Thursday, April 05, 2007

Ms. Weingarten's Strategy Pays Off

UFT President Randi Weingarten has decided to shed the stigma of old-time union boss. After all, if her good buddy Hillary takes the White House, she could be the next US Secretary of Education. And if that doesn't pan out, she could just take the AFT presidency. As her two Unity predecessors have demonstrated, running the UFT is just a part-time job anyway.

It's a photo op here, a limo ride there, and in Ms. Weingarten's case, sign any damn contract that comes down the pike. All the better if it cuts prep time in half, adds an extra class, and makes teaching more difficult, as that shows how contemporary and open-minded she is.

To that end, she's committed NYC's teachers to perpetual hall patrol, six daily classes, hobbled seniority rights, instituted 90-day unpaid suspensions based on unsubstantiated allegations, August attendance (for no reason whatsoever), and she refrains from making any nasty demands for raises, let alone increases that keep up with inflation.

Naturally, the Daily News and the New York Post lauded this agreement. Ms. Weingarten's Unity hacks asked what the tabloids would say if we didn't agree (Oh, no, Rupert Murdoch might not like us). Today's News features a column by Joe Williams (of The Chalkboard) which lays it out fairly well:

It is time to put to rest the tired notion that what is best for union bosses is also what is best for students, teachers and schools.

You see that? Ms. Weingarten showed how open-minded she was by giving away the sun, the moon and the stars, and now (according to those who pimped the contract) the media adores her (and us, the teachers, as well).

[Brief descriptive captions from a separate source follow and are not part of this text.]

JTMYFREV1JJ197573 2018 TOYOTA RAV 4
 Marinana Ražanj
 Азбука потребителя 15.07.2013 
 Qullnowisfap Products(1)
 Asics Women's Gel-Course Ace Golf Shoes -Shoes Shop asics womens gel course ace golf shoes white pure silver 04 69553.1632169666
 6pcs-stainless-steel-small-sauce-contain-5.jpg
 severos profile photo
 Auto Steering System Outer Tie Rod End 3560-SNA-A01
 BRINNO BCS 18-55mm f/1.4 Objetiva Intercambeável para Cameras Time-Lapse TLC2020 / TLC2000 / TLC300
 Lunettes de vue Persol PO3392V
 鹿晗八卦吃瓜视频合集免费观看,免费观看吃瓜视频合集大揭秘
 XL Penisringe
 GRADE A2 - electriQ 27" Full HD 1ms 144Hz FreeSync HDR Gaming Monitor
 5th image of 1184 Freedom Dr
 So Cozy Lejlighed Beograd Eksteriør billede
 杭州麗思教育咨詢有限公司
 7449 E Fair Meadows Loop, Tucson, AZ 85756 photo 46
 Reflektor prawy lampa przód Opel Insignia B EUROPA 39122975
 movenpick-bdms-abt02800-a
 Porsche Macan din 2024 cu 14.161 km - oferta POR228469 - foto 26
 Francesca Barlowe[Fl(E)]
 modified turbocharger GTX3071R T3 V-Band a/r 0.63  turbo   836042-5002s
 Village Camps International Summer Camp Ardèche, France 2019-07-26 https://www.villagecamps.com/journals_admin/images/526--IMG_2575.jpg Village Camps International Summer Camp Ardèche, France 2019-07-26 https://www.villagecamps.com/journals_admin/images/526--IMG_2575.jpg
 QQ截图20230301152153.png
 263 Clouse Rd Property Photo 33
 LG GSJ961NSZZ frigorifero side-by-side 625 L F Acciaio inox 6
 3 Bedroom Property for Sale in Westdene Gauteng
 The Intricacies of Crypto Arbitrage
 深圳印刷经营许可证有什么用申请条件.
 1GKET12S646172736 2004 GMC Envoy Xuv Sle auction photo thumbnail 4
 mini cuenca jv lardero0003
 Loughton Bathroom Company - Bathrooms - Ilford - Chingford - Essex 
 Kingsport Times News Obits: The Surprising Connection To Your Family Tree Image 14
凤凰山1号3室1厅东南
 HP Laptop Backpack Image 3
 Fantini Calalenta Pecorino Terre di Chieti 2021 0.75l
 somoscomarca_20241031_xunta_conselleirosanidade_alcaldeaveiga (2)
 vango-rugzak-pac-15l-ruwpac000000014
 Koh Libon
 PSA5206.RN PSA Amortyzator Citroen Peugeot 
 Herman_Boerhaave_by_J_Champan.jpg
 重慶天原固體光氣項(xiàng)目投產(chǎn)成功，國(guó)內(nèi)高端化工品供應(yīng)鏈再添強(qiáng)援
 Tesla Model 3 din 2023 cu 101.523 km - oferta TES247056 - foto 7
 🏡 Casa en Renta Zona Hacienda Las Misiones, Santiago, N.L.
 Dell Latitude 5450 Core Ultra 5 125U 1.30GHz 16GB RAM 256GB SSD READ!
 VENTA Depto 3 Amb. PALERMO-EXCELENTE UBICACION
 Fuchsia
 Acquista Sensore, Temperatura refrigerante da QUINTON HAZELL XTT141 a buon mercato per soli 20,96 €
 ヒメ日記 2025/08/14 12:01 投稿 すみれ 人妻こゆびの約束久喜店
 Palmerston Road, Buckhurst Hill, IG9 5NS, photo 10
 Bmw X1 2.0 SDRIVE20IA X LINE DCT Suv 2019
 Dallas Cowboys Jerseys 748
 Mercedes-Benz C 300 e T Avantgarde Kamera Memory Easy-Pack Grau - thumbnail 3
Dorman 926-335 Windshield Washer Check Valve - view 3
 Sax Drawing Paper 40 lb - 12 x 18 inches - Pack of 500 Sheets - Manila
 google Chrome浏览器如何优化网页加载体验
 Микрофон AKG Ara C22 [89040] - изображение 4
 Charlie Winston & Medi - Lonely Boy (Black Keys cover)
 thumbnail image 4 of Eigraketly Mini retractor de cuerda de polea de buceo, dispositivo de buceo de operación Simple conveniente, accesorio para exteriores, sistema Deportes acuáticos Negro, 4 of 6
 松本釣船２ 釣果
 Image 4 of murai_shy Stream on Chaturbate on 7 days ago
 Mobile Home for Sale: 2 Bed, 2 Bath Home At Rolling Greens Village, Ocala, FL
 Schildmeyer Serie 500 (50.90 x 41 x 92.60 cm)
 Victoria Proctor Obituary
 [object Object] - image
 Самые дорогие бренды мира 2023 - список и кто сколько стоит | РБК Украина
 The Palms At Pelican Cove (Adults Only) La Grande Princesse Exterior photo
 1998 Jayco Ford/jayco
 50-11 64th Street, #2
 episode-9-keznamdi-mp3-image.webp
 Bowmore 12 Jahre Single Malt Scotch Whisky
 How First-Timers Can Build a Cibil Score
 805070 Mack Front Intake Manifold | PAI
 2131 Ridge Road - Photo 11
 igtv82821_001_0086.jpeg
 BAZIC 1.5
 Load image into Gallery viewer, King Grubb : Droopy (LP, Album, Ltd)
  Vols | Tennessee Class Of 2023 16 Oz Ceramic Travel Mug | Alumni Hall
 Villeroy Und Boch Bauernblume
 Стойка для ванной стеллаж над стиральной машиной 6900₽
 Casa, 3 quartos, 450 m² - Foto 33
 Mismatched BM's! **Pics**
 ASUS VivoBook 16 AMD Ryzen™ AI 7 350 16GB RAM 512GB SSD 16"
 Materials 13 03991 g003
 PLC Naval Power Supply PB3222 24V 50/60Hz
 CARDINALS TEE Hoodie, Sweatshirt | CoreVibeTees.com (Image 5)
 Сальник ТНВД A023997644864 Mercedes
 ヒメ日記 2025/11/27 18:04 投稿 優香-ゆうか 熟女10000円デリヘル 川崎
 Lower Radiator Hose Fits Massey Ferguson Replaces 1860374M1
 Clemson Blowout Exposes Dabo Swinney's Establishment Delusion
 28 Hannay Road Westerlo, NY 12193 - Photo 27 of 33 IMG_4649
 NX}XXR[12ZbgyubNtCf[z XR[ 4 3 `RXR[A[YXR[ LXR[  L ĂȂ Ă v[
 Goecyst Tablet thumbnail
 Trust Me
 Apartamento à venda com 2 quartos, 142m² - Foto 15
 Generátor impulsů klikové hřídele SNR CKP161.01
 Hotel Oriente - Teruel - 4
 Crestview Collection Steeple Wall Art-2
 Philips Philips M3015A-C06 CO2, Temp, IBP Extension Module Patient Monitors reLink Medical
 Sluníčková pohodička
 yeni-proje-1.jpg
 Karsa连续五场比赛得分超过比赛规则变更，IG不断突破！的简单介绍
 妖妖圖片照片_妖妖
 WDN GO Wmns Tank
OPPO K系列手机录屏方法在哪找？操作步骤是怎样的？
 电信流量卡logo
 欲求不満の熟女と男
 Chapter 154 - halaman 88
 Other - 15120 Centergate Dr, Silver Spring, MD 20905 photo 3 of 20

What else does Mr. Williams demand? More charters, so working people (the kind kids become when they grow up) can put in 6-day 200 hour weeks like they do over at KIPP. More charters, so more teachers can be fired for mentioning unions, or for no reason whatsoever (and if you don't believe they want that, look at how charter supporters rail against card check and unionization under the plainly idiotic pretense of granting free choice to teachers, as though union reps held an even remote portion of the power employers did).

More charters, so public schools can be drained of kids with proactive parents and, with the mayoral control Ms. Weingarten supported and enabled, perhaps one day be eliminated altogether.

I want to congratulate Ms. Weingarten on her foresight. As I read Mr. Williams' column, and the various editorials that have appeared in the News and the Post, I can see precisely how much the tabloids appreciated her massive and unprecedented givebacks.

It's a win-win (unless you happen to be a public school teacher or student).